Sometimes, a more effective way to engage the public is through artsier media — sketches, paintings, sculptures, even plays and spoken-word performances.

At least, that’s the hope of planners in the City of Burlington’s Planning and Zoning Office, who’ve been afforded a rare opportunity to communicate with South End residents and business owners in unique and creative ways.

Recently, Burlington City Arts was awarded a $100,000 grant from the National Endowment for the Arts to encourage an “artist-led information engagement and visioning process” for the future of the South End. The goal of that effort, which is part of the city’s larger visioning process, Plan BTV, is to create a master plan for the city’s burgeoning arts district along Pine Street.

Sculpture by Tyler Vendituoli - FILE PHOTO BY MATTHEW THORSEN
  • File photo by Matthew Thorsen
  • Sculpture by Tyler Vendituoli
One component of that effort kicks off Thursday afternoon with an event that launches three days of “active living workshops” focusing on transportation and walkability in the South End. This week’s events, which are sponsored by the city and AARP-Vermont, include a presentation and “walking audits” by Dan Burden.

A former bicycle and pedestrian coordinator for the State of Florida, Burden is a cofounder and consultant with the Walkable and Livable Communities Institute in Port Townsend, Wash. Earlier this year, the White House recognized Burden as a “champion of change” for his years of efforts to make cities across the country more pedestrian and bicycle friendly. All of this week’s events are free and open to the public. More information is available here.

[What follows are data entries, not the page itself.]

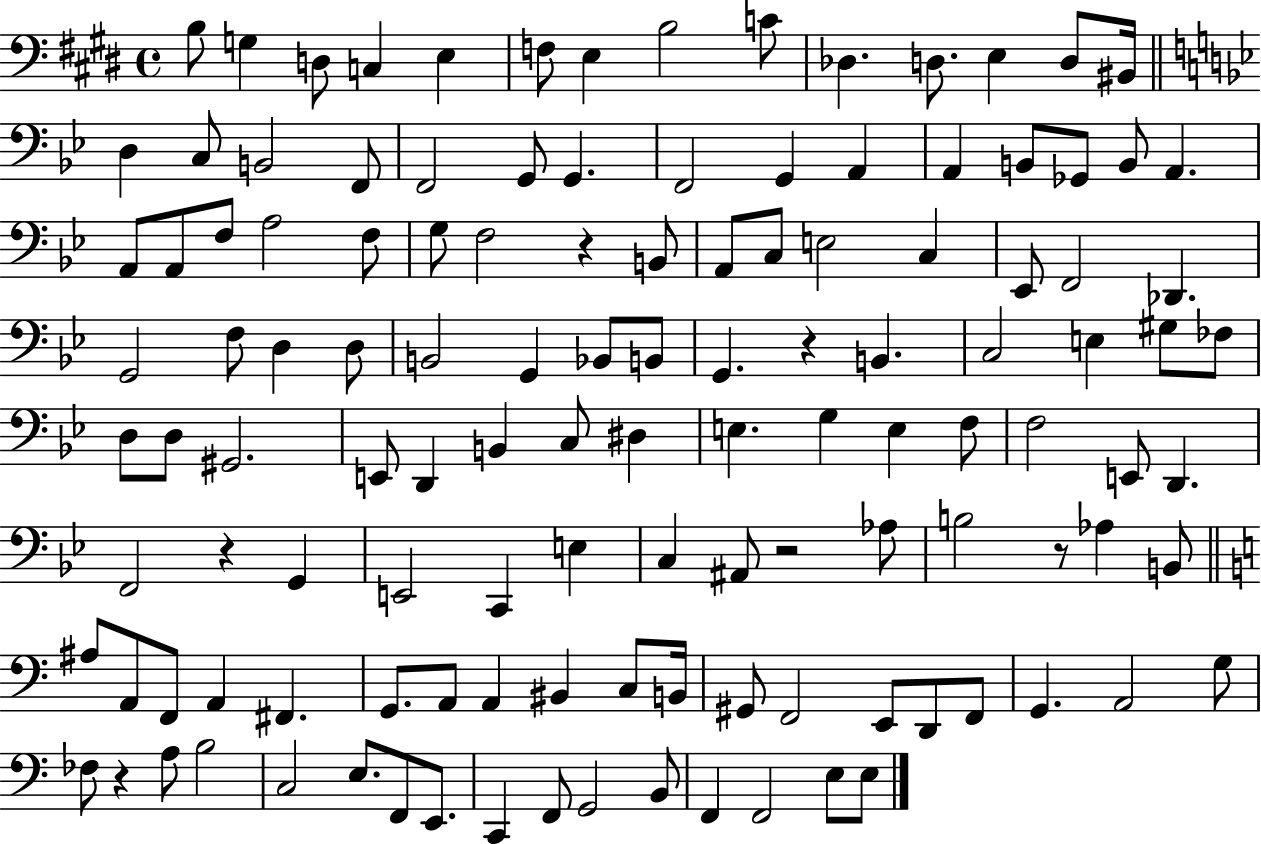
B3/e G3/q D3/e C3/q E3/q F3/e E3/q B3/h C4/e Db3/q. D3/e. E3/q D3/e BIS2/s D3/q C3/e B2/h F2/e F2/h G2/e G2/q. F2/h G2/q A2/q A2/q B2/e Gb2/e B2/e A2/q. A2/e A2/e F3/e A3/h F3/e G3/e F3/h R/q B2/e A2/e C3/e E3/h C3/q Eb2/e F2/h Db2/q. G2/h F3/e D3/q D3/e B2/h G2/q Bb2/e B2/e G2/q. R/q B2/q. C3/h E3/q G#3/e FES3/e D3/e D3/e G#2/h. E2/e D2/q B2/q C3/e D#3/q E3/q. G3/q E3/q F3/e F3/h E2/e D2/q. F2/h R/q G2/q E2/h C2/q E3/q C3/q A#2/e R/h Ab3/e B3/h R/e Ab3/q B2/e A#3/e A2/e F2/e A2/q F#2/q. G2/e. A2/e A2/q BIS2/q C3/e B2/s G#2/e F2/h E2/e D2/e F2/e G2/q. A2/h G3/e FES3/e R/q A3/e B3/h C3/h E3/e. F2/e E2/e. C2/q F2/e G2/h B2/e F2/q F2/h E3/e E3/e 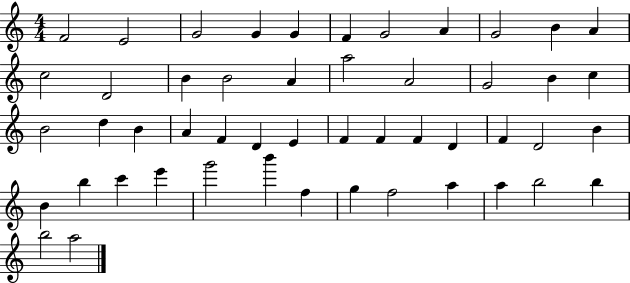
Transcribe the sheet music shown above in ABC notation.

X:1
T:Untitled
M:4/4
L:1/4
K:C
F2 E2 G2 G G F G2 A G2 B A c2 D2 B B2 A a2 A2 G2 B c B2 d B A F D E F F F D F D2 B B b c' e' g'2 b' f g f2 a a b2 b b2 a2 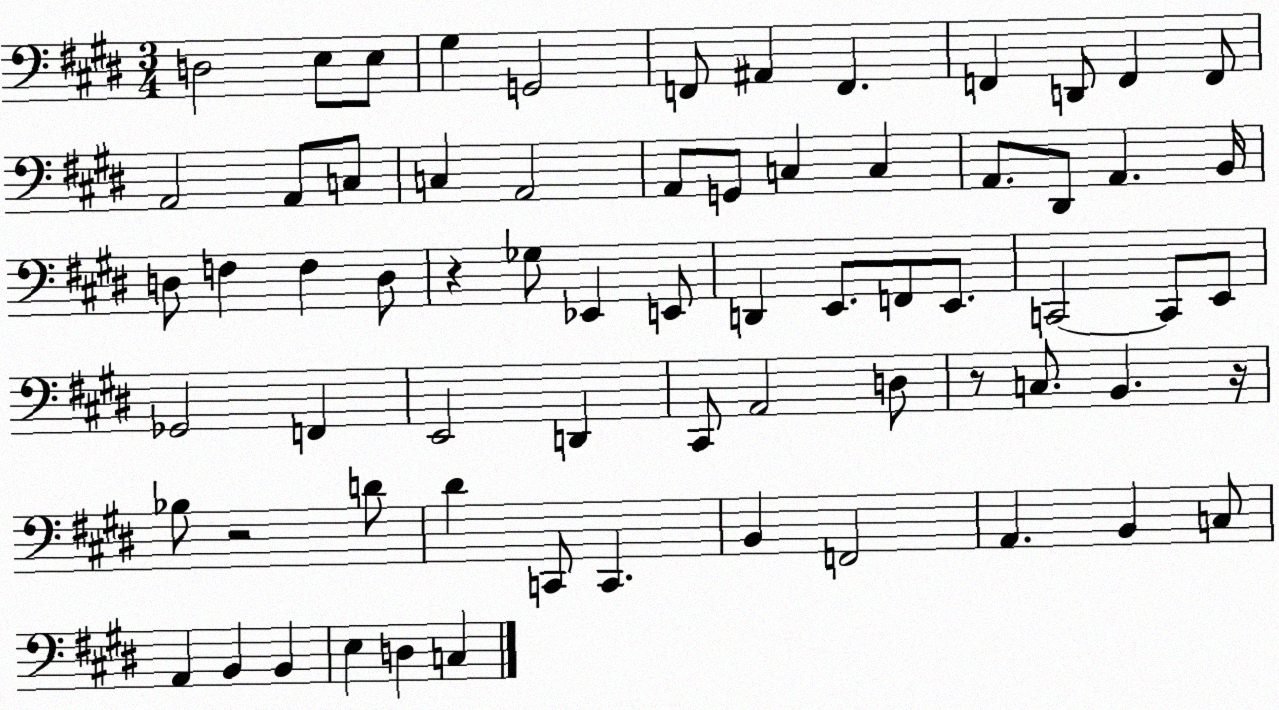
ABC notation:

X:1
T:Untitled
M:3/4
L:1/4
K:E
D,2 E,/2 E,/2 ^G, G,,2 F,,/2 ^A,, F,, F,, D,,/2 F,, F,,/2 A,,2 A,,/2 C,/2 C, A,,2 A,,/2 G,,/2 C, C, A,,/2 ^D,,/2 A,, B,,/4 D,/2 F, F, D,/2 z _G,/2 _E,, E,,/2 D,, E,,/2 F,,/2 E,,/2 C,,2 C,,/2 E,,/2 _G,,2 F,, E,,2 D,, ^C,,/2 A,,2 D,/2 z/2 C,/2 B,, z/4 _B,/2 z2 D/2 ^D C,,/2 C,, B,, F,,2 A,, B,, C,/2 A,, B,, B,, E, D, C, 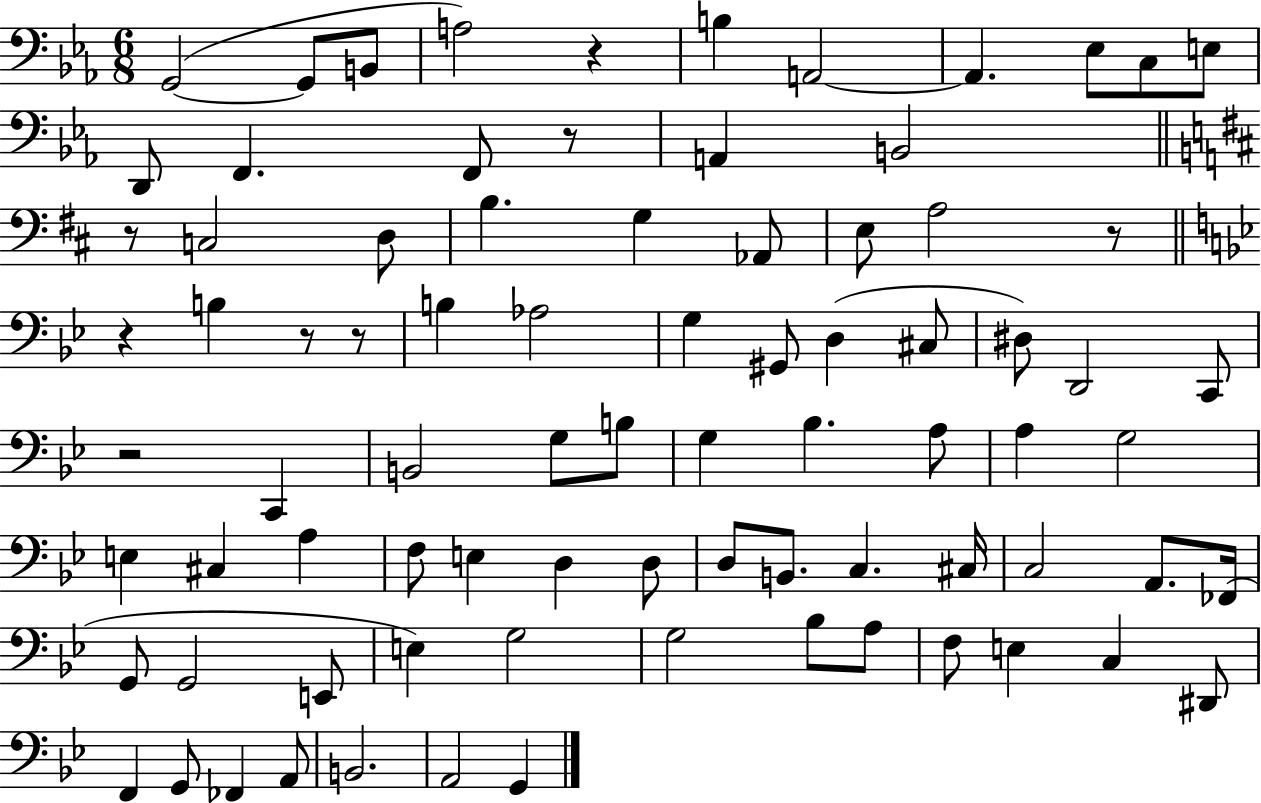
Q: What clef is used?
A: bass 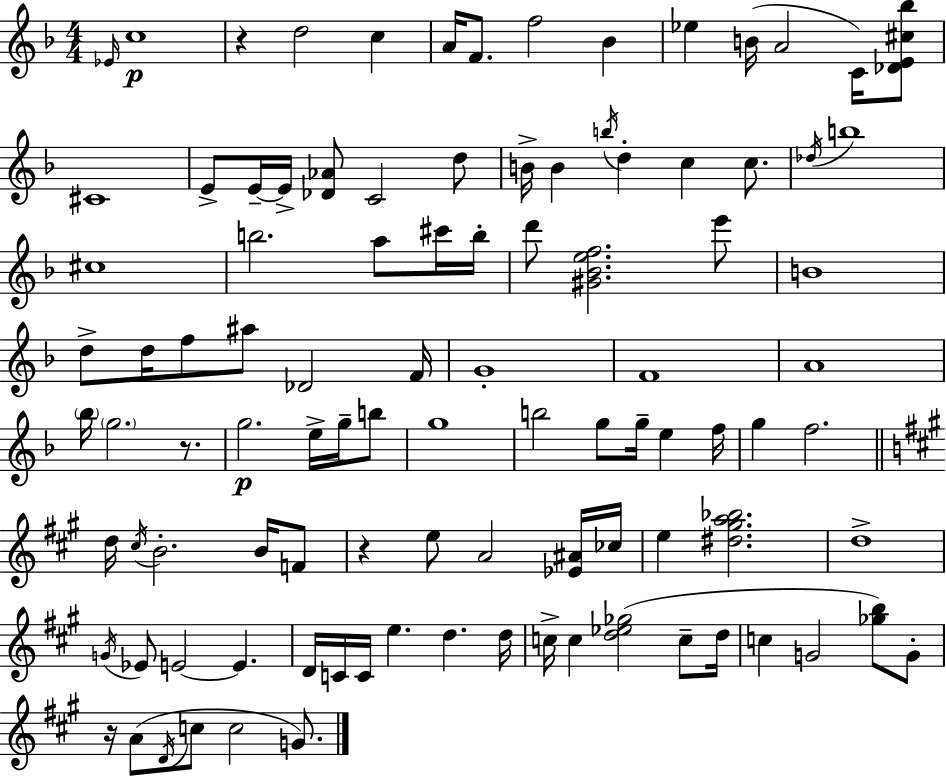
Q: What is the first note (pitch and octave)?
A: Eb4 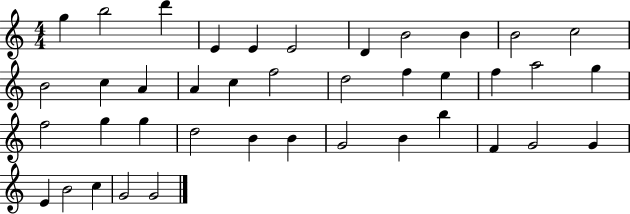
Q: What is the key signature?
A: C major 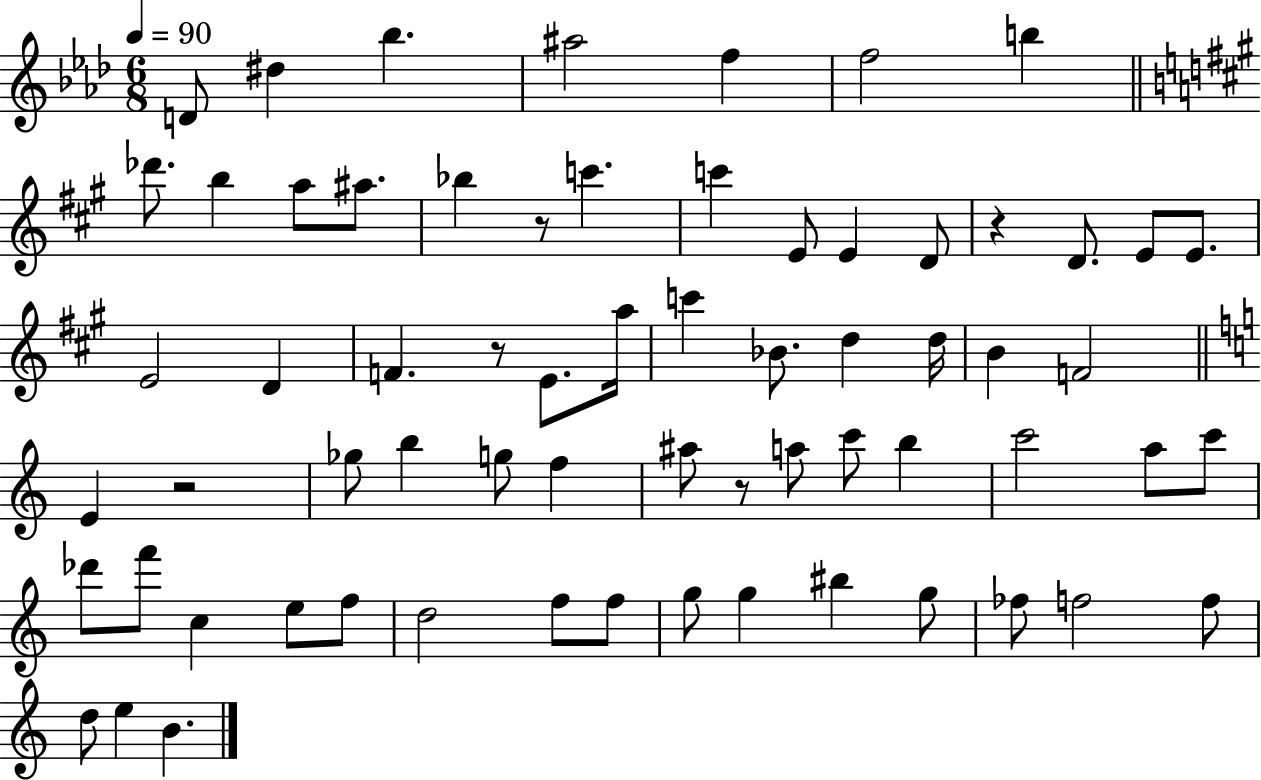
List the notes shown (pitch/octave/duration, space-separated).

Earlier this week, Burlington City Council approved a contract with the consulting firm Goody Clancy to lead a team that will analyze what currently exists in the South End. The Boston-based urban design and architecture firm is perhaps best known locally for its work helping Champlain College master-plan its Burlington campus.

Sandrine Thibault, principal planner for comprehensive planning in the city’s planning and zoning office, says that some of the $100,000 NEA grant will help fund artists’ projects that decipher and communicate the urban planners’ data and findings.

“We’re going to work with local artists to see how can we convey this information to the public in a different way so that it’s easily understandable,” she says, “instead of just saying, ‘The report is online. Go read it.’”

“Artists are sometimes really good at envisioning the future,” Thibault adds, “so we definitely want to bring artists into the process to help envision what the future of the South End could be.”

One concern, voiced by Adam Brooks, executive director of the South End Arts and Business Association, is that he’s heard from “a ton of artists and small businesses” who worry that the South End’s rapid growth and gentrification, from industrial spaces to artists’ enclaves, could soon become unaffordable for them. As with other arts districts around the country, as the South End becomes a more interesting and colorful place to live, work and recreate, rents are bound to rise, potentially squeezing out the very artists and other creative types who make it such a desirable location.

Still, the SEABA director says he’s been encouraged by what he’s heard thus far from city planners: that they won’t kill the goose that laid the South End’s golden egg.

“We’re very optimistic that the master plan will dictate that,” Brooks says, “and that the city of Burlington will take those steps to ensure artists and creative businesses have an affordable place to work.”

Indeed, city planner Thibault points out that one of the consultants hired for the BTV-South End planning process is Susan Silberberg, founder and managing director of the Boston-based design firm CivicMoxie. One reason the city chose Silberberg, Thibault explains, is because of her expertise in working with cities to help keep their art districts affordable.

“That’s definitely going to be front and center,” she says.